Lakin, acı gerçek eğitim konusunda kısır bir döngü içinde dolanıp durduğumuzu söylüyor bize. İlk ve orta öğretim kaynaklı sorunlar üniversitelerin verdiği eğitimi de olumsuz yönde etkiliyor. Ve bu böyle devam edip gidiyor.
Ben bu kısır döngünün üniversiteler tarafından kırılacağını düşünüyorum. Daha açık bir deyişle, ülkemizin kronik eğitim sorununun “Milli Eğitimden” değil, üniversiteden başlayarak çözülebileceğine inanıyorum.

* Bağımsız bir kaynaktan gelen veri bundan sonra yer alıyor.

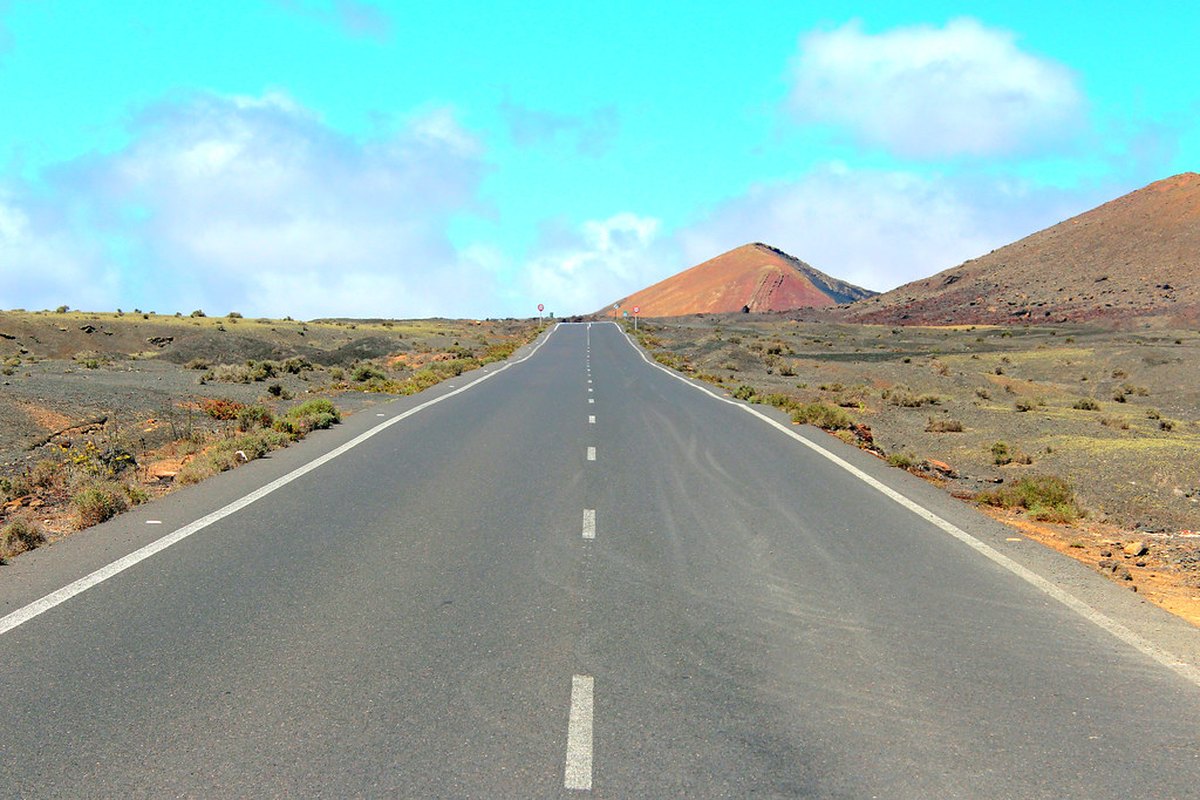 La strada tra i vulcani del Parco Nazionale di Timanfaya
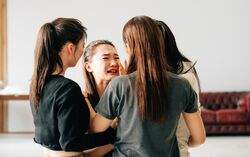 TGC本番前に一体何が！？女子メンバー大号泣で騒然…「やだぁ！」『オオカミちゃんとオオカミくん』第7話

Bu noktada Eğitim Fakültesinin bütün birimlerimiz içerisinde özel bir konumu olduğunu düşünüyorum.
Üniversitemiz büyük rakamların sarhoşluğuyla, global alemde bir o yana bir bu yana yalpalayıp duruyor. Bir taraftan “temelden uyduya girmek” gibi tuhaflıklarla çok kıymetli olan zamanımızı ziyan ederken, öte yandan öğretmen yetiştirmek gibi kutlu bir görevi üstlenmiş fakültemizi varlık içinde yokluğa mahkum ediyoruz.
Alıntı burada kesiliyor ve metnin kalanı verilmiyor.